Patricia Brauner (University of Chicago)

Paper Title: "Fiasco! Fallacies, Facts, and the New Critical Edition of Il barbiere di Siviglia."

Profesor Brauner is managing editor of the Works of Gioachino Rossini (Bärenreiter-Verlag) and Coordinator for The Center for Italian Opera Studies at The University of Chicago. Her degrees are from Yale University, the University of Chicago and Connecticut College (summa cum laude). She has also worked on the critical editions of Rossini works: Petite Messe solennelle (2 pianos & harmonium), with Philip Gossett, Il barbiere di Siviglia, to be performed by Lyric Opera of Chicago, in 2008, La pietra del paragone, with Anders Wiklund, La riconoscenza / Il vero omaggio, 2003, Armida, with Charles S. Brauner, 1997 and Ermione, with Philip Gossett, 1995. Some of her articles include: "Feverish Composition: Writing La pietra del paragone." The Center for Italian Opera Studies, Online, "Editing Rossini." In The Cambridge Companion to Rossini, edited by Emanuele Senici. Cambridge: Cambridge University Press, 2003 and " 'Il poeta con le carte... Il Maestro con la parte...': Insights into La pietra del paragone through the Autograph and Other Documents."

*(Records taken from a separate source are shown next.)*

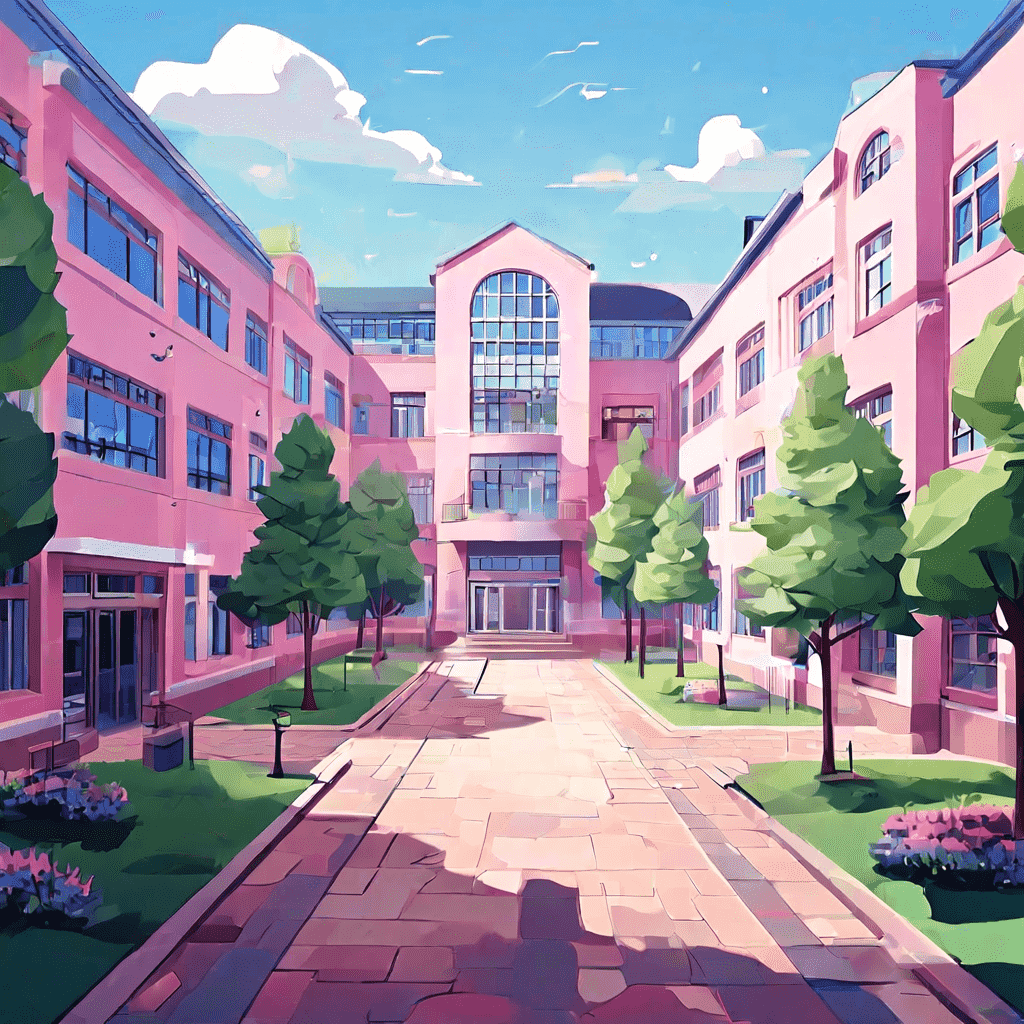 Liceum Ogólnokształcące W Krasnobrodzie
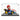 Display case for LEGO® Super Mario™ Mario Kart™ – Mario & Standard Kart 72037 - ICUANUTY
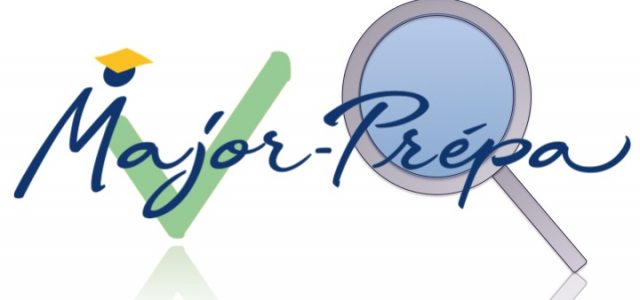 Enquête label de transparence : Major-Prépa needs you !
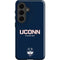 University of Connecticut Huskies UConn Galaxy S26 Plus Impact Case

Deborah Burton (Boston University, School of Music)

Paper Title: "In his shoes: The Marriage of Figaro and the Movies"

Having received her doctorate from the University of Michigan with a dissertation on Puccini, Deborah Burton now teaches at Boston University, and has taught at Harvard University, UMass-Amherst, Florida International University, Fordham University, the University of Michigan, Adrian College and the Yale School of Music. Her research interests are opera analysis, counterpoint, and history of theory, with an emphasis on Italian sources. She recently spoke at the 2006 Fourth International Schenker Symposium, Mannes College of Music, New York, on "Men Who Love Too Much: Operatic Heroes and the Metric and Tonal Disturbances that Follow Them." In 1994, Dr. Burton gave the first paper on Puccini at a Society for Music Theory national meeting. Her scholarly articles have appeared in Theoria, Studi Musicali, Nuova Rivista Musicale Italiana, Opera Quarterly, Studi Musicali Toscani, and Quaderni pucciniani. She is the co-editor of Tosca's Prism: Three Moments of Western Cultural History (Northeastern University Press, 2004), which won an AMS subvention grant. Dr. Burton was an originator of and participant in the international, interdisciplinary bilingual conference, Tosca 2000 in Rome, Italy, which was held in honor of the centennial of Puccini's Tosca and the bicentennial of the historical events on which it was based.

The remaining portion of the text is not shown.